The Alchemy of Talent: Interview with Richard Stilwell, Baritone

Isn't it every singer's dream to spend time with one of their favorite performers? Perhaps it's as simple as getting an autograph, a picture beside them, or simply seeing them live on stage. Maybe it's spending two years with them in an intimate teaching setting where advice about technique, acting, and unleashing one's inner opera rock star is the aim?

This was the case with lyric baritone Richard Stilwell, faculty at the Chicago College of Performing Arts and his 14 voice students, myself included! In his weekly performance seminar, singers perform arias, art song, musical theater and a wide range of repertoire for their classmates. The goal of the class is to provide performing opportunities for the singers while also being an arena for constructive advice from peers and highly experienced faculty.

Richard takes time from his busy schedule of teaching, performing, and traveling to provide an insightful discussion about music, life off stage, and how he tackled a career on the big stage...

Morning Richard! Hope I didn't call too early. I completely forgot about the time change. Are you on the east coast?
No no, don’t worry. I’ve been awake and I’m still here in Chicago anyway.

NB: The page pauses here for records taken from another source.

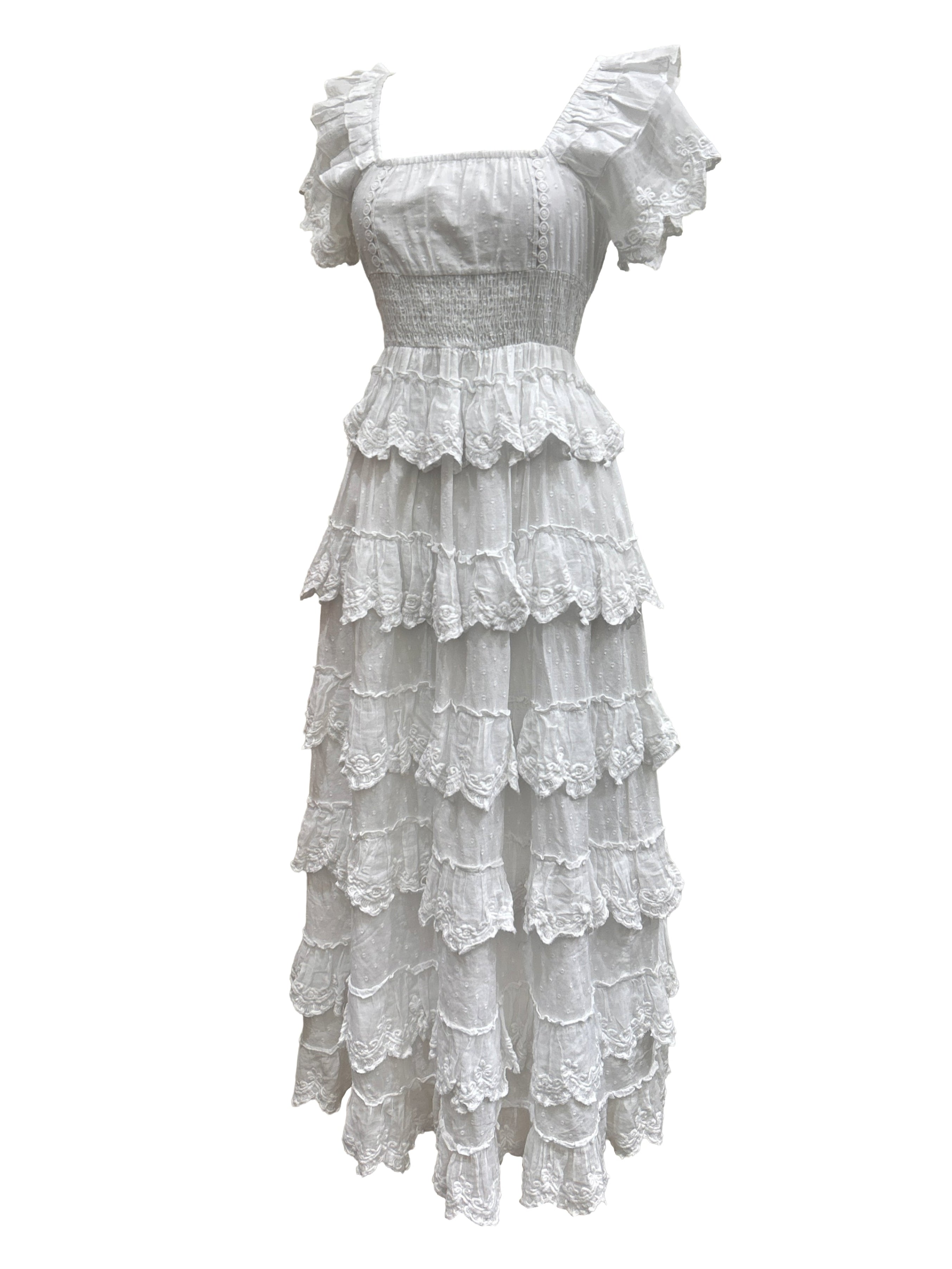 Amy Jane London Size XS Tiered Ruffle Maxi Dress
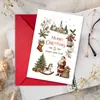 Cartão de Boas Festas de Natal com Ovelhinha Fofa e Árvore de Natal, com Envelope, Mensagem de Bênção para o Feriado, Convite, Cartão de Cumprimentos para Presente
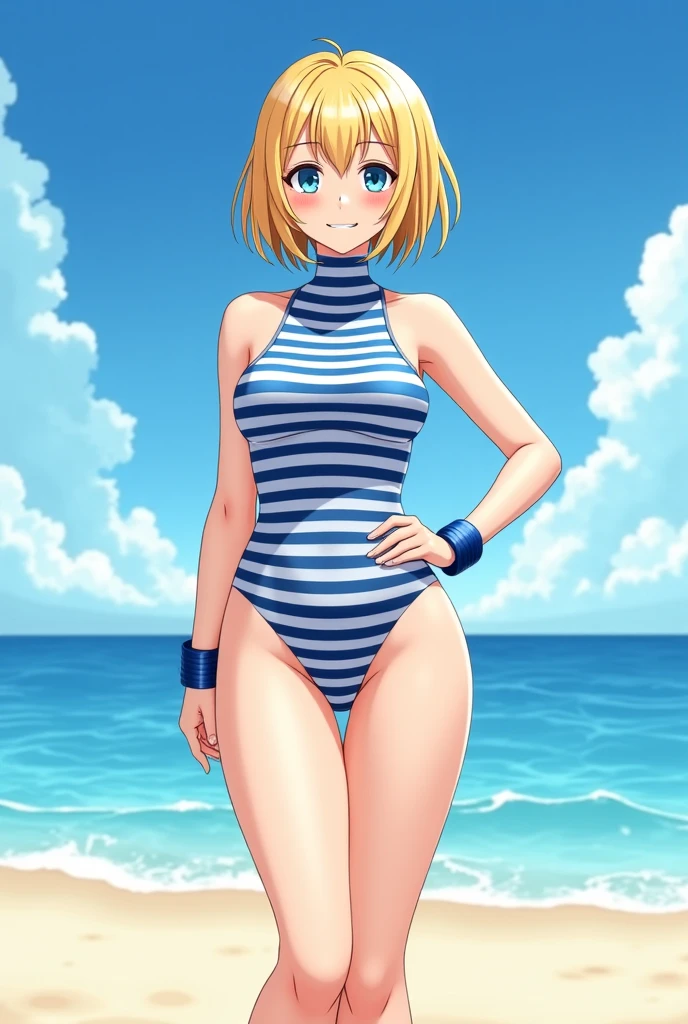 flat chest,swimming wear,short hair,girl, (full face brasched:1.3),beach,EROGE,beautiful background,shiny skin,seeing viewer with little smile,blonde hair,angel wing,super fine illustration,masterpiece,ultra quality,super detailed,best quality,highly quality,8k,8k quality,cute cute cute,loli ,Happy Happy Happy,thick eyebrows,slender,in 8k,perfect face,perfect body,lighting effect,anime style,cheek,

Perfect! Thanks for taking time to talk with me outside of class. I appreciate your help with this project. Why don’t we go ahead and start? Tell me, where did you grow up and when did music become a regular part of your life?
I grew up in St. Louis. When I was 5 or 6 I began singing in the church. This is probably where lots of singers realize they have a talent for singing and also have their earliest memories with music. I had solos with the choir and members of the group encouraged me to sing. Choir was really my musical foundation when I was a kid. Since we had no professional musicians in my family, mounting a career in music was totally foreign to me. That didn’t dawn on me until much later in life. In fact, I was an English major at a small college in Indiana. I did sing with a gospel quartet and toured along the western coast. Music was always with me, but I wasn’t certain what to make of it. I enjoyed it... so, I did it.

What instruments did you study as a child, did someone make you practice, and do you perform those instruments in public anymore?
I studied piano for 3 years, but I wasn’t pressed to continue. I was young and other than my gospel group and a few small productions I’d seen, music wasn’t totally on my radar. However, I did become a pretty good
sight-reader and honed a sharp ear for harmony. Singing hymns really boosted these skills. That experience actually landed me my next job in the army chorus, where I sang for awhile after leaving college. But still the thought of opera, legato, coloratura, and stage lights might as well have been ideas locked in the bottom of a tomb.

So what changed? It’s no small feat to sing doo-wops in the mess hall with your buddies and then eventually end up on every major opera stage in the world. How did you find your glass slipper?
Keep in mind it was a very gradual process. Even in the middle of a singing career, even very successful ones, we stop and ask “What on earth am I doing…should I be doing this?” All along friends would ask why I didn’t study music or audition for things and I wasn’t completely sure, but one moment of change came when I sang my first recital.

Sounds like it was something of a milestone. Talk a little about it. What do you remember?
Everything! I worked with a coach from the St. Louis Opera Guild to prepare the music. It wasn’t much but I had to work hard. Working with the coach was a lot like an extended introduction to vocal arts. We worked on building characters and singing with expression. But the thing I remember most was the audience and communicating to them. It was such an exciting phenomenon and I didn’t want to let the feeling go. That experience opened the door to music a little wider for me.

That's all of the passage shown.